Exercise
The whole listing, apart from its images, should be restated word for word.

**** Given information

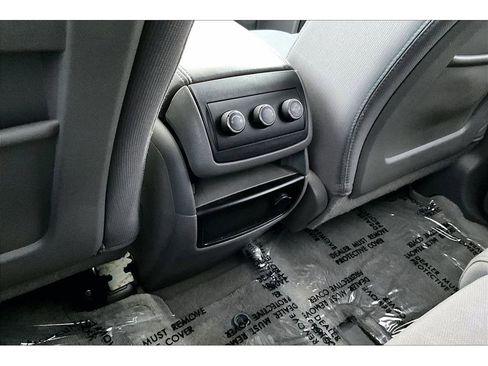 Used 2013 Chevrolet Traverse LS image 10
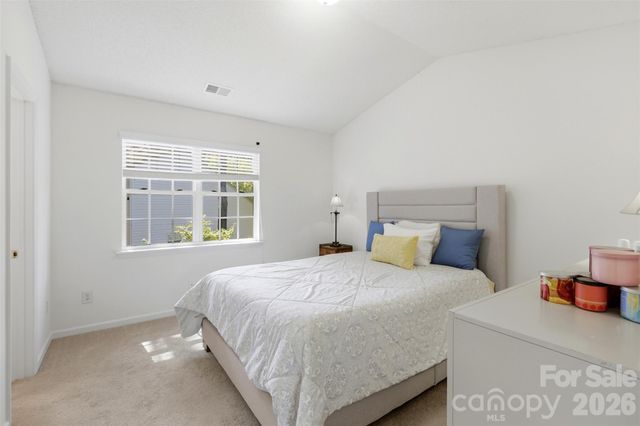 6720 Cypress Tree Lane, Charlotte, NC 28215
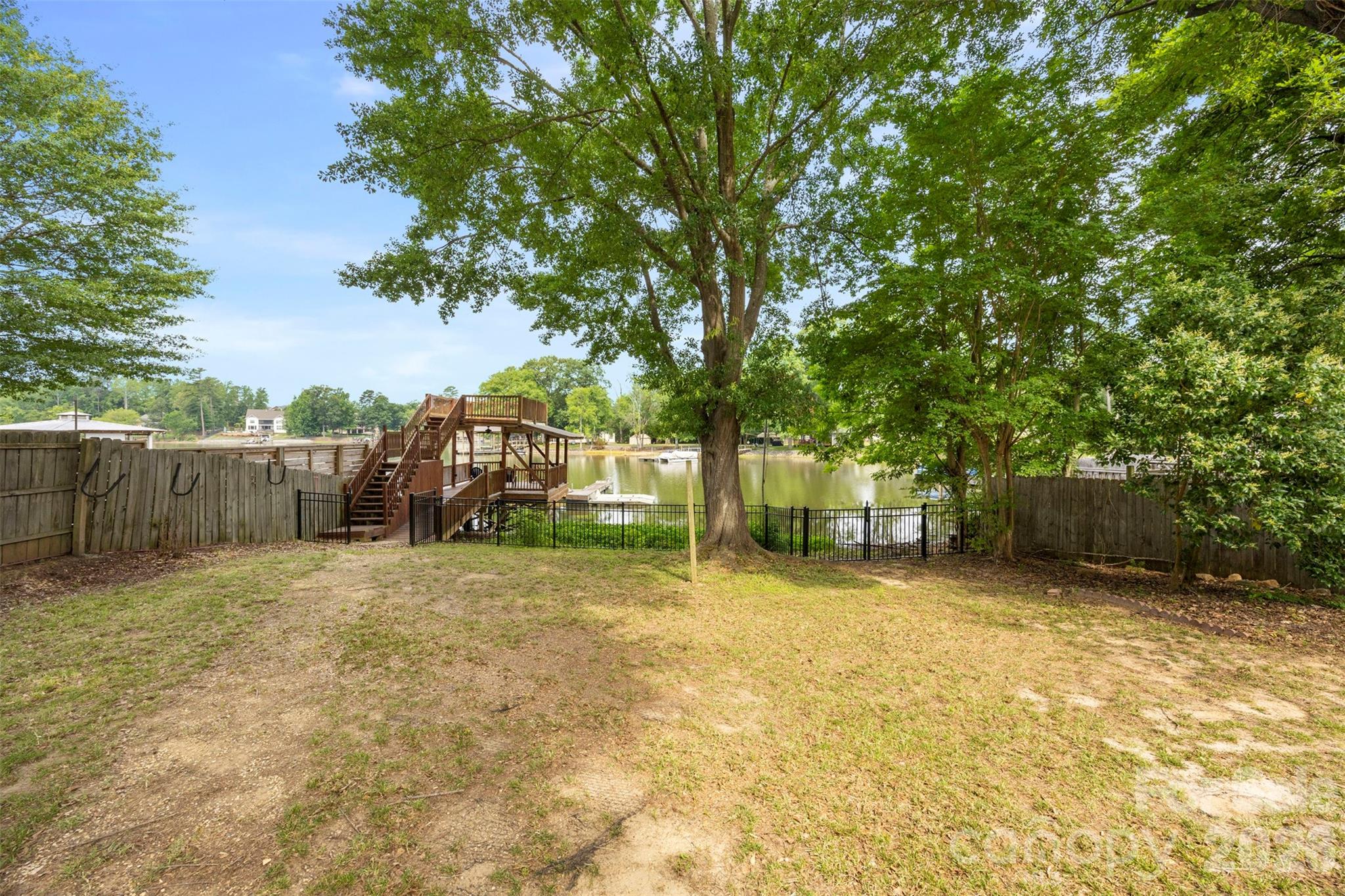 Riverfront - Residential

********

Answer box
 Used 2013 Chevrolet Traverse LS image 10
 6720 Cypress Tree Lane, Charlotte, NC 28215
 Riverfront - Residential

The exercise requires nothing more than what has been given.